Problem to solve:
I'd like an exact copy of every line from the start of the entries below through the line containing "QR Code (код быстрого отклика)", please.

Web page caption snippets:
[Start of Attachment]

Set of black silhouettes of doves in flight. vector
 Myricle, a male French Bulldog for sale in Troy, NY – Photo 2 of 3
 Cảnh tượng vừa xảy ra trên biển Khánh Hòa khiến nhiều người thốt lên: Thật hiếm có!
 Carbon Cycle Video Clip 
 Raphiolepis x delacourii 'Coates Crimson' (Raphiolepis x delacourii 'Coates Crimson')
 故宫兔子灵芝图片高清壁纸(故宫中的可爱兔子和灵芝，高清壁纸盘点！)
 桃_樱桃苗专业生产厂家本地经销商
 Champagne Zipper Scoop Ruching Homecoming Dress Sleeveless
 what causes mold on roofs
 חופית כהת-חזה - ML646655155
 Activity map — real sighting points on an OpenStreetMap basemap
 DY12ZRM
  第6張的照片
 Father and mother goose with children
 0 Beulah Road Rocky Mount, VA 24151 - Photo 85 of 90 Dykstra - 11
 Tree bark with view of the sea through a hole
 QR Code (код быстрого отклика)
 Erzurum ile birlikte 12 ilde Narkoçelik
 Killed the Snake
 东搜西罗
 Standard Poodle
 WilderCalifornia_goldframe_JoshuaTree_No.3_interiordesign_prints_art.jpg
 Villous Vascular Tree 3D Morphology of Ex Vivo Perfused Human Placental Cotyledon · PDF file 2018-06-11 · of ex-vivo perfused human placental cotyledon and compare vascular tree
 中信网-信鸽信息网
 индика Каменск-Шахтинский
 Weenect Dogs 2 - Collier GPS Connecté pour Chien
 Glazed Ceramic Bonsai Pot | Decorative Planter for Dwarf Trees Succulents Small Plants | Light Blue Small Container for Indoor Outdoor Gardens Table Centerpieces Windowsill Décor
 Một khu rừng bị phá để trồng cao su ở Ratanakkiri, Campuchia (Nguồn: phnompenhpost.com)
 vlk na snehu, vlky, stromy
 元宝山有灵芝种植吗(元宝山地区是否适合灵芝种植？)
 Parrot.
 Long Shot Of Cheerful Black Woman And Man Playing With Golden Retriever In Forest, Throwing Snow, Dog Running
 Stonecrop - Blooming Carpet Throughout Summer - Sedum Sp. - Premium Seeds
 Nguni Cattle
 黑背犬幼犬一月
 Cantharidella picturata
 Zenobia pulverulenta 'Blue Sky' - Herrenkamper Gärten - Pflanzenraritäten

[End of Attachment]

Response to the exercise:
Set of black silhouettes of doves in flight. vector
 Myricle, a male French Bulldog for sale in Troy, NY – Photo 2 of 3
 Cảnh tượng vừa xảy ra trên biển Khánh Hòa khiến nhiều người thốt lên: Thật hiếm có!
 Carbon Cycle Video Clip 
 Raphiolepis x delacourii 'Coates Crimson' (Raphiolepis x delacourii 'Coates Crimson')
 故宫兔子灵芝图片高清壁纸(故宫中的可爱兔子和灵芝，高清壁纸盘点！)
 桃_樱桃苗专业生产厂家本地经销商
 Champagne Zipper Scoop Ruching Homecoming Dress Sleeveless
 what causes mold on roofs
 חופית כהת-חזה - ML646655155
 Activity map — real sighting points on an OpenStreetMap basemap
 DY12ZRM
  第6張的照片
 Father and mother goose with children
 0 Beulah Road Rocky Mount, VA 24151 - Photo 85 of 90 Dykstra - 11
 Tree bark with view of the sea through a hole
 QR Code (код быстрого отклика)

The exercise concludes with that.